Hi,

I appreciate your reply.

Unfortunately, I am not an expert on netlink but another thing I have found is that for comparison Golang uses a 0 flags argument when reading from netlink socket - https://github.com/golang/go/blob/master/src/syscall/netlink_linux.go#L79.

On a side note, I could not replicate the EAGAIN errors in Linux so you may be right that Linux has some special handling of recv() for netlink sockets which OSv might be missing. But I could not find anything in the official netlink docs - https://man7.org/linux/man-pages/man7/netlink.7.html and https://man7.org/linux/man-pages/man7/rtnetlink.7.html. And if that is undocumented, shall we rely on it implicitly?

Waldek

On Mon, Jun 13, 2022 at 1:08 PM Rich Felker <dalias@libc.org> wrote:
On Mon, Jun 13, 2022 at 11:41:57AM -0400, Waldek Kozaczuk wrote:
> Hi,
>
> Very recently we implemented minimal rnetlink support on OSv side which
> allowed us to finally switch to the netlink-based implementation of
> getifaddrs() and if_nameindex().
>
> However, I noticed that the function __netlink_enumerate() in
> https://github.com/ifduyue/musl/blob/master/src/network/netlink.c uses
> MSG_DONTWAIT flag when calling recv() which may fail with EAGAIN or
> EWOULDBLOCK and there is no error/retry handling for that. I actually saw
> both functions fail occasionally on OSv.
>
> One way to fix is to add missing error handling. But another simpler
> solution is to stop using MSG_DONTWAIT altogether and force recv() to
> block. In other words, the line:
>
> r = recv(fd, u.buf, sizeof(u.buf), MSG_DONTWAIT);
>
> should change to:
>
> r = recv(fd, u.buf, sizeof(u.buf), 0);
>
> For time being we are applying a header trick on OSv side to re-define
> MSG_DONTWAIT as 0 when compiling those specific musl sources.

Thanks! I'll try to track this down.

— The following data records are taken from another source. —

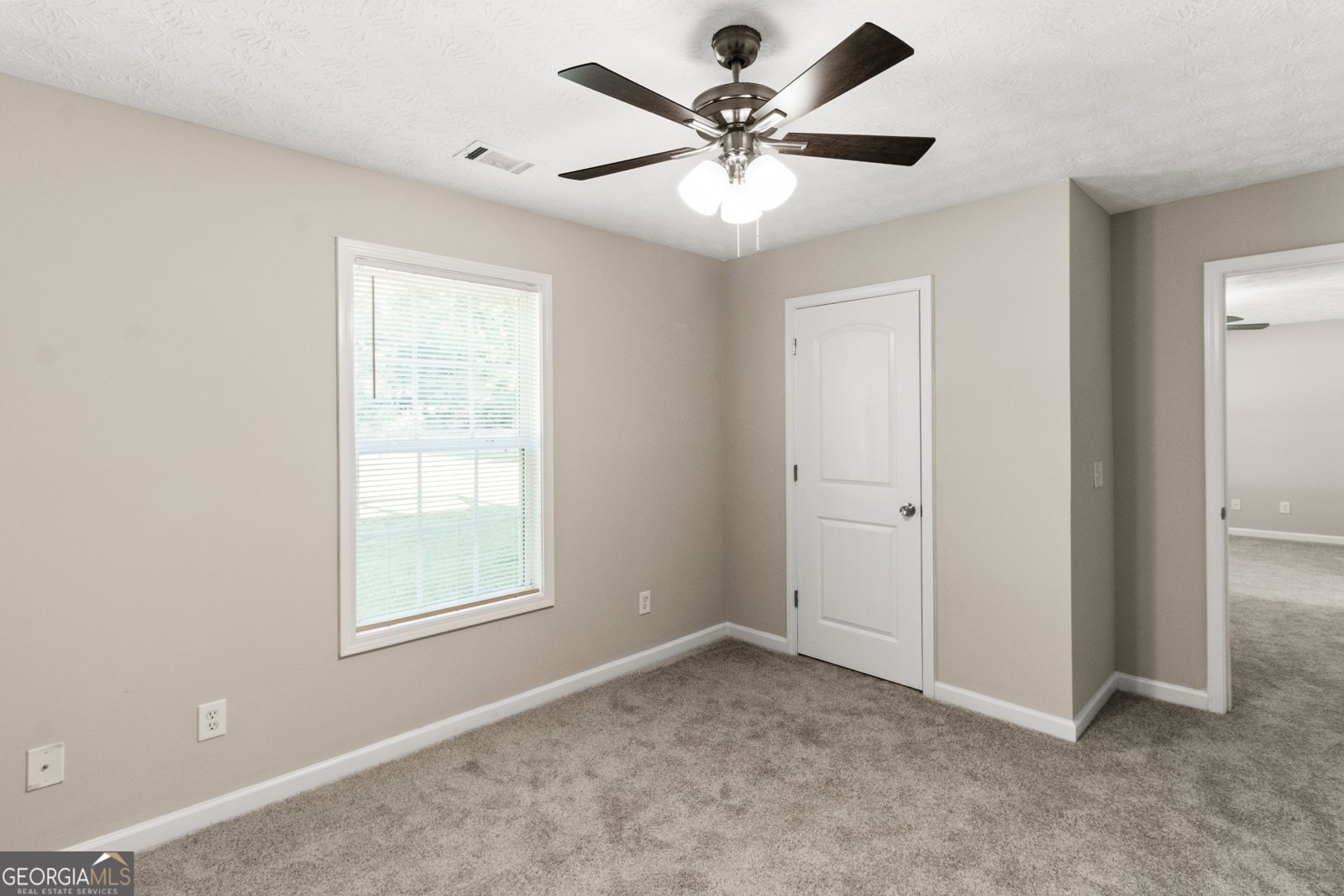 40 Trelawney Run Covington - 35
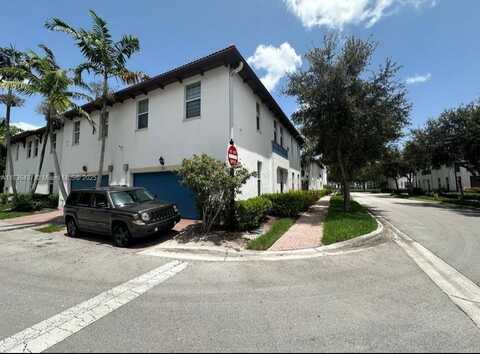 11838 SW 26th St, Miramar, FL 33025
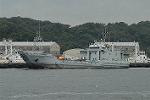 Dcim3770/DSC_6450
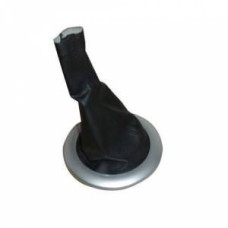 Чохол кп важеля перемикання передач Renault Megane 2 CC 8200505844 рено меган 2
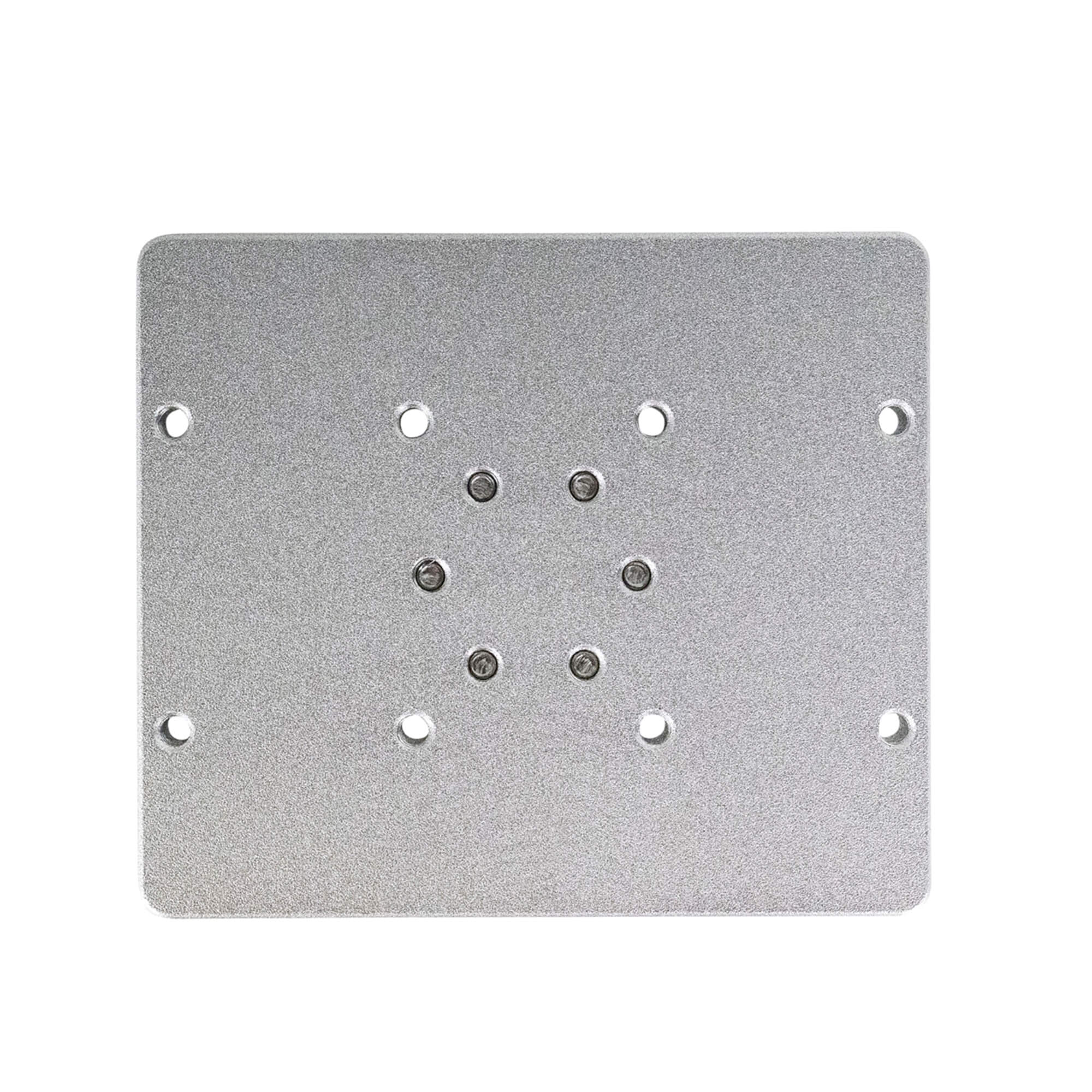 Traxstech® Lift and Turn Mount for Fish Armor Shuttles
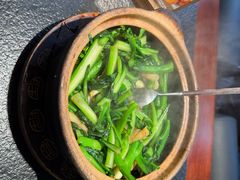 -旺爷砂锅·茶作(国贸城店)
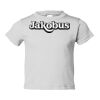 Toddler Cotton Jersey Tee Thumbnail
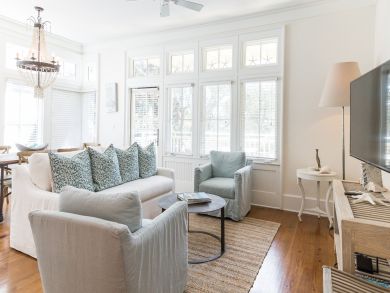 Beaches Of South Walton Condo 931625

One concern is that I'm not sure
how MSG_DONTWAIT is supposed to interact with "short reads" -- is it
needed (for netlink) to prevent blocking when some data has been read
but there is still buffer space for more?

On a related issue, I'm pretty sure the netlink API doesn't allow for
partial reads with some data remaining buffered on the kernel side,
but we should probably verify that too.

Rich